Discurso - Vereador Leandro Lyra -

Texto do Discurso

O SR. LEANDRO LYRA – Senhora Presidente, senhoras e senhores vereadores, senhores que nos assistem, cidadãos que nos assistem de Casa, pela Rio TV Câmara, boa tarde.
Presidente, venho aqui nesta Tribuna para falar da aprovação na noite de ontem pelo Senado Federal de um aumento de 16% para os Ministros do Supremo Tribunal Federal. Aumento de 16% que faz com que o teto do funcionalismo público no país passe de R$ 33 mil para R$ 39 mil. E foi uma votação, Presidente, daquele tipo que bota em regime de urgência, vota rápido para não ter reação, para não dar tempo de a sociedade entender o que está acontecendo, não dá tempo de se manifestar, expressar seu pensamento, porque, em um momento em que o país passa por dificuldade financeira... Para esse ano, está previsto um buraco nas contas públicas de R$ 150 bilhões! Cinco vezes o orçamento da Cidade do Rio de Janeiro, que tem seis milhões de habitantes.
A gente está falando de cinco anos, é dinheiro suficiente para atender, por um ano, 30 milhões de pessoas.

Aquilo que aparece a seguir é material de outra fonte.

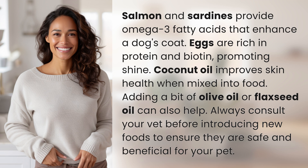Always consult your vet before introducing new foods to ensure they are safe and beneficial for your pet.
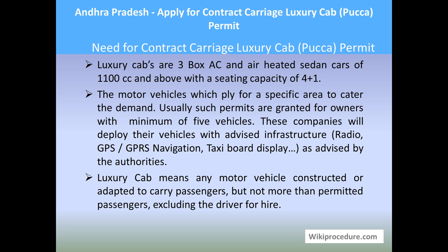Let us see the need for a contract carriage luxury cab permit. A contract carriage luxury cab is a vehicle — a car or cab — which is a three-box AC and air-conditioned sedan car. We usually hire this kind of vehicle when we go to metro cities. Such cab services are operated with the help of a central control office with wireless and GPS/GPRS systems, running in an organized manner. The seating capacity of such a vehicle is four plus one.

Esse é o tamanho do buraco nas contas do Governo Federal. Não estamos falando de estados e municípios. Isso para não colocar na conta os juros. Colocou os juros, dá mais R$ 300 milhões aí nessa conta.
No momento em que o Governo Federal começa a tentar se recuperar, perspectivas do país começam a melhorar, vem o Senado Federal e faz o quê? Aumenta salário, aumenta os custos da máquina pública, reajusta. E o problema não é só aumentar o teto. O teto está lá na Constituição Brasileira, art. 37, inc. XI: o soldo, vencimento dos Ministros do Supremo Tribunal Federal, é o limite das remunerações do serviço público no país.

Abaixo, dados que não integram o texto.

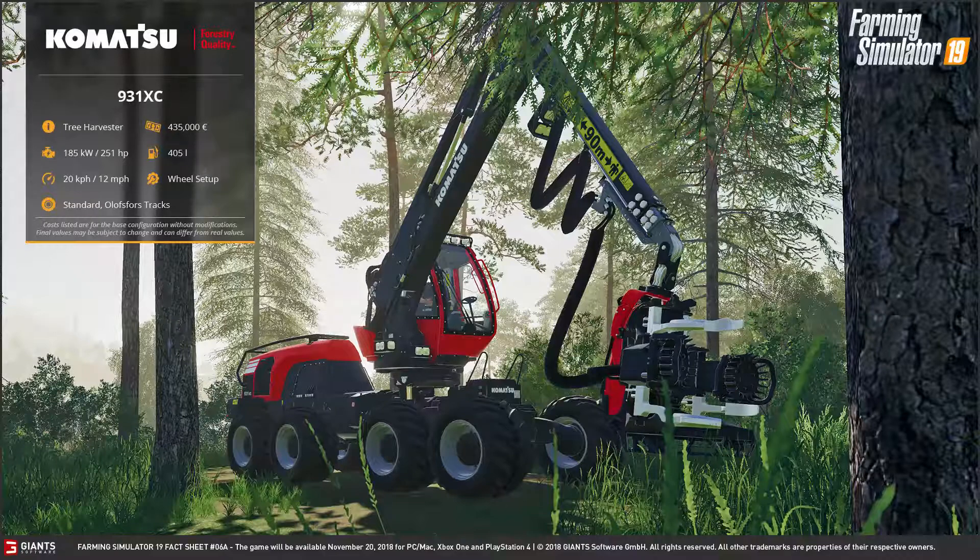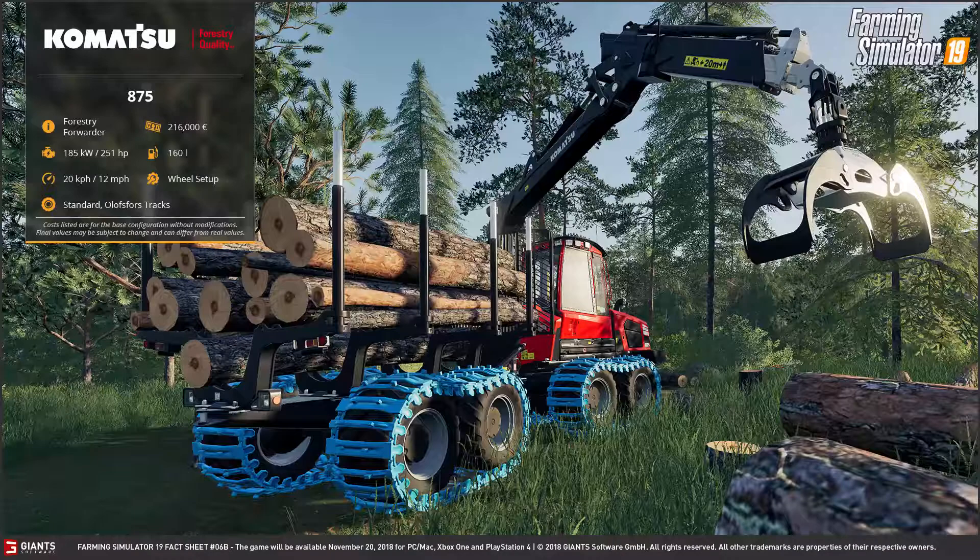Hi and welcome back to the 1050 Vario. Today's factsheet is from 21.09.2018, featuring the Komatsu 931 XC, which has an average price of 435,000 euros and 251 PS. Furthermore, we have a Komatsu 875 forestry forwarder.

O problema mesmo é que esse teto no Brasil tem preso nele muita gente. Porque, quando sobe o teto do salário do Ministro do Supremo, não é só ele que vai pra cima. Muita gente está pendurada no teto, e aí reajusta também toda a Justiça, vai nos desembargadores, nos Procuradores, pega na Defensoria. Começa uma cascata de reajustes no serviço público, todo mundo pendurado, indo para cima. E o dinheiro sai de onde? Do mesmo orçamento que, hoje, está com buraco de R$ 150 bilhões. Tem estimativa que fala de R$ 4 bilhões, de R$ 6 bilhões.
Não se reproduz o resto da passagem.